Institutional investors have long understood that dispersion across private managers is significant. Multiple third-party analyses using private market datasets show that the spread between top- and bottom-quartile outcomes in private markets is materially wider than in public markets. This dispersion reinforces that manager selection may be central to expected outcomes.
Evergreen and semi-liquid structures add an additional dimension: continuous deployment. Unlike drawdown funds, evergreen vehicles must absorb ongoing subscriptions while seeking to meet periodic liquidity needs. When high-quality opportunities are scarce, managers may face a trade-off between holding elevated cash balances (creating cash drag) or deploying into lower-conviction opportunities simply to remain invested. Both outcomes can present challenes—either through diluted returns or weakened underwriting standards. As these structures scale, we believe the ability to source deals, allocate capital selectively during periods of market dislocation, and manage cash efficiently becomes a defining capability that may play a critical role in the long-term efficacy of these strategies.
In short, we believe that overly narrow mandates may expose investors to cyclicality and idiosyncratic risk at different points in time. A broader opportunity set does not totally eliminate this risk, but does create more potential avenues to meet investor demand.
Thoughtfully incorporating private markets into a target date glidepath is more than an investment or optimization exercise.

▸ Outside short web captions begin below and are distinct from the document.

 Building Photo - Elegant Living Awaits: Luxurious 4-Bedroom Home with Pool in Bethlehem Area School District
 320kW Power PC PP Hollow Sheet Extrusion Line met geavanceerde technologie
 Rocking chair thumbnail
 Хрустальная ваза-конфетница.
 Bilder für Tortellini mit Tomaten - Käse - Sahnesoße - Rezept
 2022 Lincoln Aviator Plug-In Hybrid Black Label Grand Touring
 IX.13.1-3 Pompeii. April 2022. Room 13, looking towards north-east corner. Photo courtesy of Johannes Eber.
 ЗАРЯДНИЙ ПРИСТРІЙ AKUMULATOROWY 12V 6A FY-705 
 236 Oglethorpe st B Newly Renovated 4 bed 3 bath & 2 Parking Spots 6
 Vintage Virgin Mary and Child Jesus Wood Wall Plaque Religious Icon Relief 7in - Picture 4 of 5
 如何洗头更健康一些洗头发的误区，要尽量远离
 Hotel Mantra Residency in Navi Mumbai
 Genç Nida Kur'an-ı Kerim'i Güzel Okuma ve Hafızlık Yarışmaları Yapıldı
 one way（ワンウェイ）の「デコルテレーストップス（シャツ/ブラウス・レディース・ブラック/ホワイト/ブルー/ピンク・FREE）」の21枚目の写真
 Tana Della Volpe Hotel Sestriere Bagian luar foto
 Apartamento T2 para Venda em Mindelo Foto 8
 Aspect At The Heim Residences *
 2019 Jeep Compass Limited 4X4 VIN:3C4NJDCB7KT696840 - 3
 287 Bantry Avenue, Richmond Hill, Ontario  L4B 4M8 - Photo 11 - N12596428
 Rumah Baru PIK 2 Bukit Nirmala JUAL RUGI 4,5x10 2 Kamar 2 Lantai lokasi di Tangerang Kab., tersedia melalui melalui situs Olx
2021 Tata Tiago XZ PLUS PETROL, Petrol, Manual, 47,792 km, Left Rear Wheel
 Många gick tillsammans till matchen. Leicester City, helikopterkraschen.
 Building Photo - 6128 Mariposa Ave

Practical considerations around liquidity (both with respect to redemptions and deployment) provide guardrails in the level of exposure that can be realistically achieved. Through our research, we observed that, based on our assumptions, a consistent 10% allocation to a diversified, multi-asset private market portfolio throughout participants careers may influence retirement outcomes differently than varying allocations to single sleeve exposures (e.g. private equity, credit and real assets), based on our assumptions. This reflected our assessment of suitability, in particular the liquidity profile of the exposures along the glidepath. Single sleeve exposures had the potential for more precision, but in our analysis also led to lower weights due to the idiosyncratic risks detailed throughout this paper. Concern over being a forced buyer or seller of each asset class based on the relative point in the glidepath that each asset class was held further pointed our analysis in favor of a multi-asset approach.
The framework we have outlined—focused on scale, diversification, investor alignment, cash flow, and disciplined liquidity management—helped guide our evaluation and selection of a private markets allocation within the State Street Target Retirement IndexPlus Strategies. We look forward to continuing to share our findings as the space evolves.